At one o'clock the whistle blew again, and a thousand voices whooped a derisive accompaniment, but no one of the throng in the streets made a move toward the mills. Half an hour later, watchmen swung to and bolted the gates, and, issuing presently from a small side entrance, in company, were received with cheers, handshakes, and slaps upon the back. Then the crowd gradually thinned,—many going to the already well-filled hall where McGrath was delivering an address, and others to their homes,—and a silence descended upon the neighborhood, broken only by the voices of the men about the saloon doorways.

At two, Peter Rathbawne, attended by his private secretary, came out of the side entrance and walked slowly away in the direction of his home. He held his head high, and his eyes straight to the front, and paid no attention to the respectful greetings of those of the strikers who saluted him, touching their hats. There were many among them whose hearts sank at this attitude in a man who had made it his boast that he knew every hand in his mills by sight, and who, in the past, had had a nod or a friendly word for each and all of them. For the first time a premonition settled upon them of what this strike, which had been welcomed principally for novelty's sake, might mean. It was the first the Rathbawne Mills had ever known. Some of those who saw the face of Peter Rathbawne that afternoon were already hoping that it might be the last.

The Lieutenant-Governor returned to his apartment for lunch. Cavendish was still sleeping as he had left him, with a stalwart negro porter, summoned from the Capitol by telephone early that morning, watching in a chair. Under Barclay's orders, a carpenter had already removed the splintered door of the wine-closet, and an upholsterer had replaced it by a slender brass rod from which swung a velvet curtain.

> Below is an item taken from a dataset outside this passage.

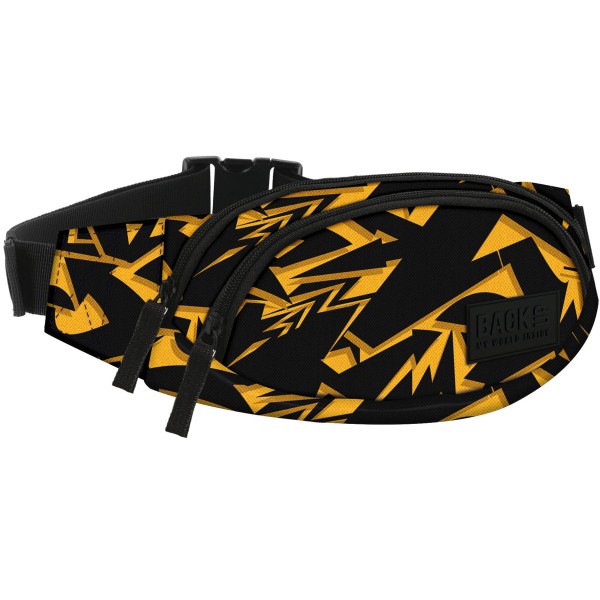 Torba na biodra BackUP 6 model A 42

With his own hands the Lieutenant-Governor had taken away the fallen bottle, mopped up the pool of absinthe, and put the room to rights. Now he dismissed the negro, took from his pocket a little box of strychnine tablets, obtained from his physician on his way from the Capitol, and, after a brief survey of his surroundings to see that all was in order, went over to the divan and shook the sleeping man by the shoulders.

"Come, lazy-bones!" he said, with a laugh. "You've slept over twelve hours. That will do—even for a nervous wreck."

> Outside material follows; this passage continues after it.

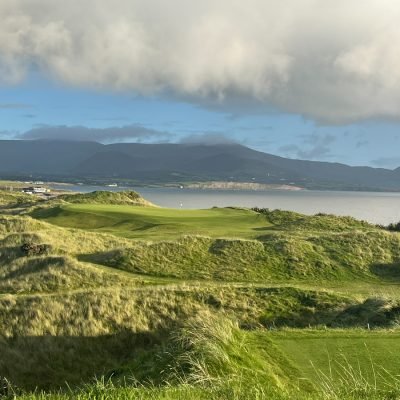 Waterville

Cavendish opened his swollen eyes slowly, looked at him, and then closed them again with a murmured "Oh, God!" which was like a groan.

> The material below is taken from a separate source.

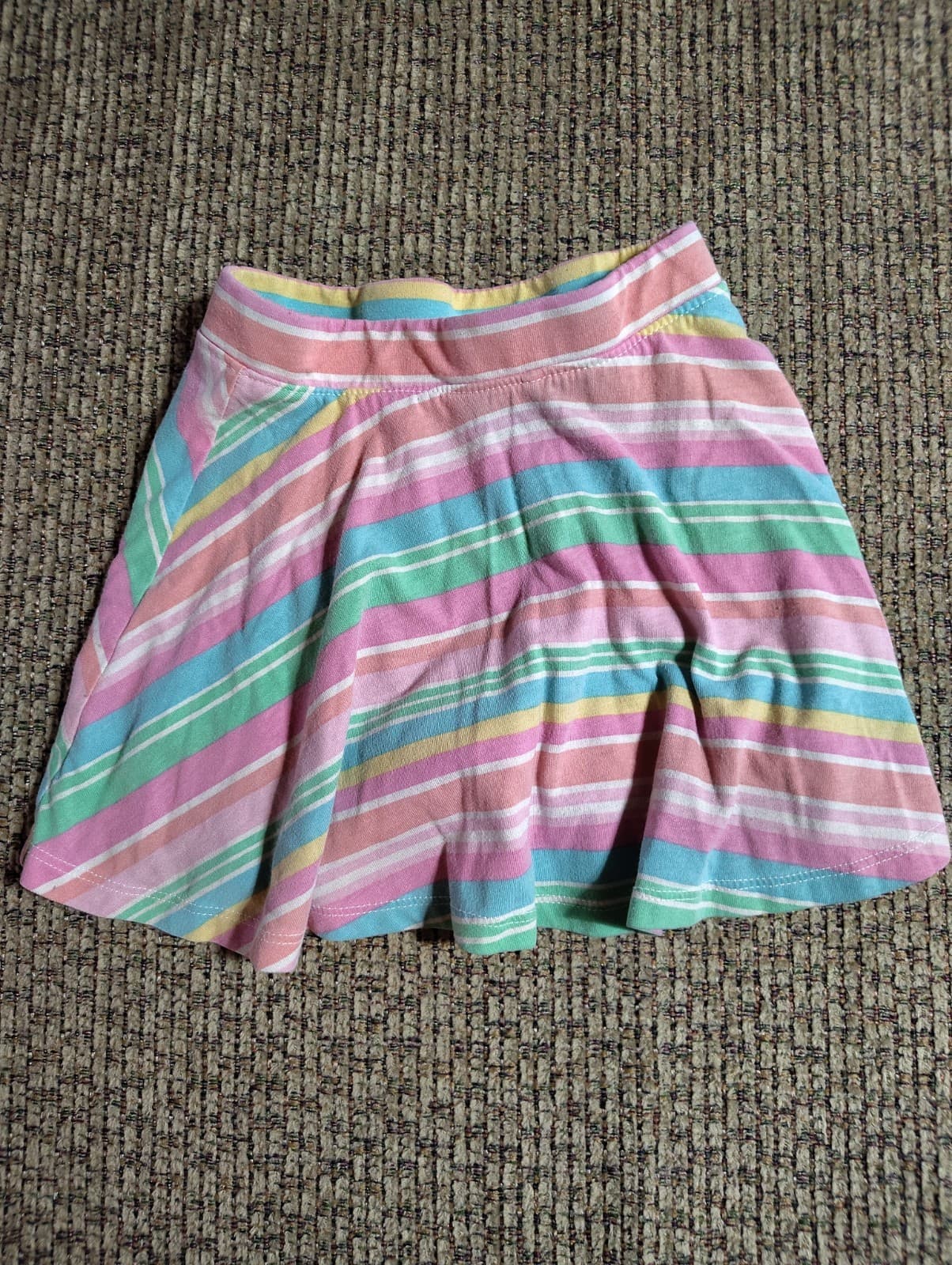 The Children's Place Skirts Size 8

To this the Lieutenant-Governor paid no heed. Passing into the bathroom, he turned on the cold water in the tub, poured a half glass of vichy from a syphon, and then returned, carrying the tumbler in his hand. Cavendish had raised himself on one elbow, and was looking stupidly about the room.

"Here you are," said Barclay cheerfully. "Stow this pill, and here's vichy to wash it down. Your bath's running. By the time you've had it, there'll be some clothes ready for you."

Cavendish gulped down the tablet, and sat upright.

"Last night"—he faltered.

For the first time in his life, the Lieutenant-Governor called him by his first name.